日本の霊長類を用いた神経科学研究は、マカクサルを用いたシステム神経科学、マーモセットを用いた遺伝子改変モデルなど、国際的に高い評価を得てきました。2000年代には神経科学に多額の国家予算が投じられ、この分野を先導する現在のPIたちが、霊長類のシステム神経科学という研究コミュニティーを形成し、緊密な連携を築いてきました。しかし、近年の自然科学研究や医学応用を見据えた潮流の中で、学際的研究により重点が移り、研究者も多様な学問領域との連携を促進させるなど、新たな可能性が広がった一方で、霊長類システム神経科学を軸とした研究者間の交流が減り、新たなネットワークを構築する機会が少なくなっているのが現状です。

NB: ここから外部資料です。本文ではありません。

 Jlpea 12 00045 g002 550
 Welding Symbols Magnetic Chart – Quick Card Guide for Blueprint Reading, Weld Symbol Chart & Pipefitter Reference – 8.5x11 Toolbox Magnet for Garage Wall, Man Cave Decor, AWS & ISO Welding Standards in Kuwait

また、研究者を取り巻く環境も大きく変化しています。特に近年、霊長類を対象とした実験に関しては倫理的配慮や社会的評価が重要視されています。研究者は質の高い研究成果を追求するだけでなく、このような社会的要求に応えるべく、継続的な研究技術や動物の飼育環境の改善などにも取り組んでいます。このような背景において、霊長類神経科学分野の研究者間の連携強化はこれまで以上に重要となっています。実際、海外に目を向けると、欧州、米国それぞれにおいてこのような連携を促進する取り組みが進められています。
このような状況を踏まえ、J-Primate-Next(JPiN)はスタートしました。JPiNでは、次世代を担う霊長類神経科学の研究者をメンバーとし、様々な研究活動やアウトリーチ活動を行うことによって、霊長類研究の重要性を国内外に広く発信しています。またメンバー間の横の連携を強固にすることによって、霊長類神経科学研究のさらなる発展を支える新たな研究者コミュニティの形成を目指しています。